In October 1944, Leon spends some interim time at the fearsome Gross-Rosen concentration camp, 175 miles northwest of Kraków. The prisoners fear that they will be exterminated there, but instead, the males are shipped off to Brünnlitz, Sudetenland, where Schindler has relocated his factory. The females have been diverted to Auschwitz, but Schindler bribes the Nazis to have them sent to his factory instead. As they arrive, Leon sees his mother and Pesza and experiences “a rare moment of total joy” (157). 

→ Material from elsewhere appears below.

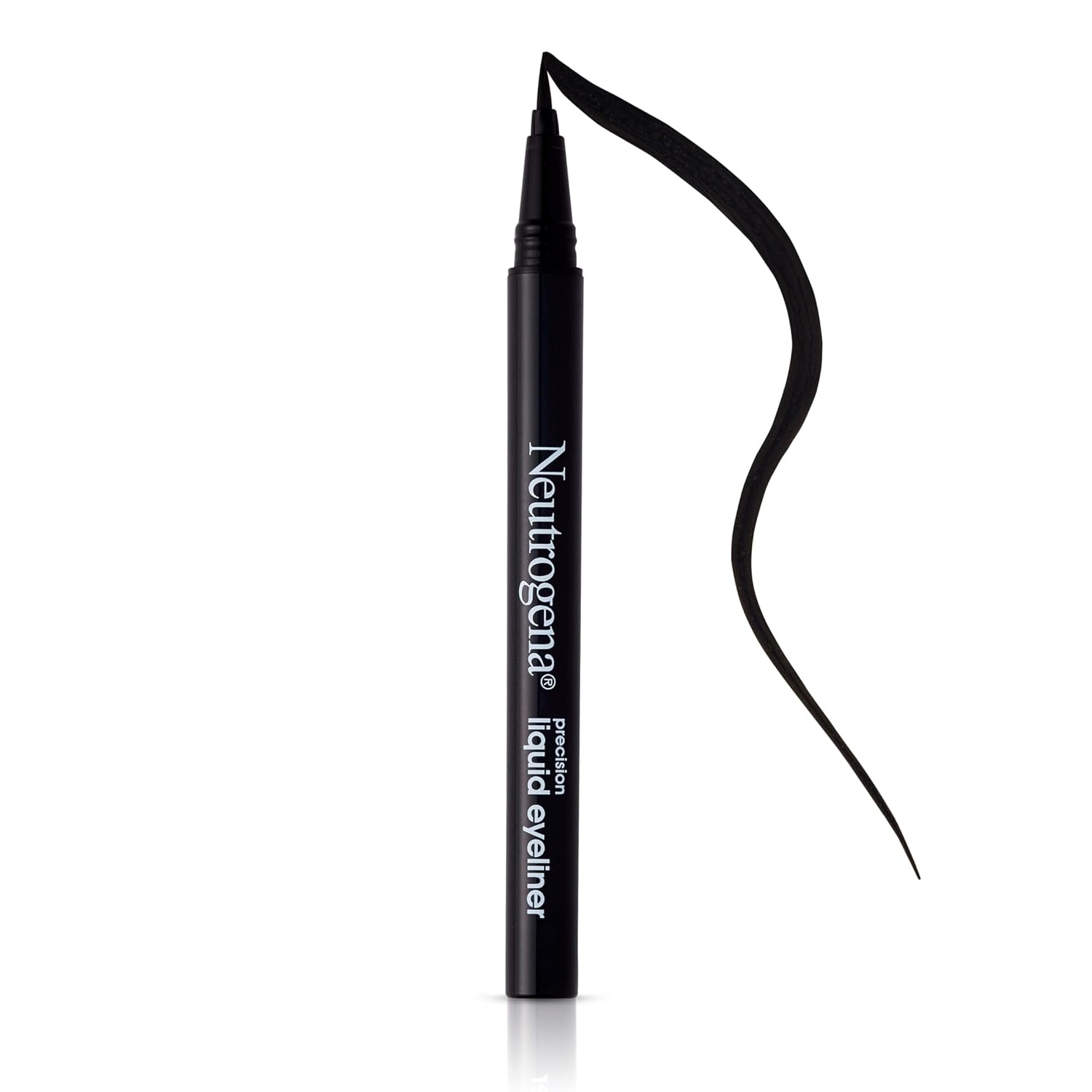 image:imageNeutrogena Precision Liquid Eyeliner with Honey amp Coconut Hypoallergenic Smudge amp WaterResistant Liquid Eyeliner Makeup for Sensitive Eyes Precise Application Jet Black 0013 fl oz001 ounce Pack of 1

Leon and his family work at Schindler’s factory for the next eight months of the war. As the Germans lose the war, food becomes scarce, and Leon finds inventive ways of getting more to eat. From time to time, Schindler invites Leon up to his office, shares some friendly words, and gives him some bread, which Leon then shares with his father and brother. After some time, Schindler has Leon transferred to the day shift, which is less physically demanding; Leyson credits this change with saving his life. It is now early in 1945, and the rest of the workers are nearing a point of exhaustion. 

In April 1945, the Soviet army is closing in on the Germans, who begin to flee. The Nazi officials are ordered to kill all the Jewish workers at the factory, but Schindler thwarts this plan by transferring the officials away. Schindler frees his Jewish employees, giving them bottles of vodka and blankets as gifts, and then flees. The prisoners stay at the factory, waiting to see what will happen. On May 8, a Soviet soldier arrives and tells the prisoners that they are free to go.

Chapter 9 Analysis

Leyson injects considerable suspense into this part of the narrative, withholding key details so that his account conveys the uncertainty that he and the other prisoners felt about their potential fate at Gross-Rosen. Leyson heightens this mood of uncertainty and apprehension as he describes a moment when he and his companions were sent to take a shower and feared that they would be gassed. However, the shower turned out to be water, and they were shipped off to Schindler’s factory at the 11th hour and thereby saved. These events cement Schindler’s narrative role as savior and hero, as do the great lengths he later goes to in order to justify bringing the female prisoners to his factory instead of abandoning them to extermination at Auschwitz. 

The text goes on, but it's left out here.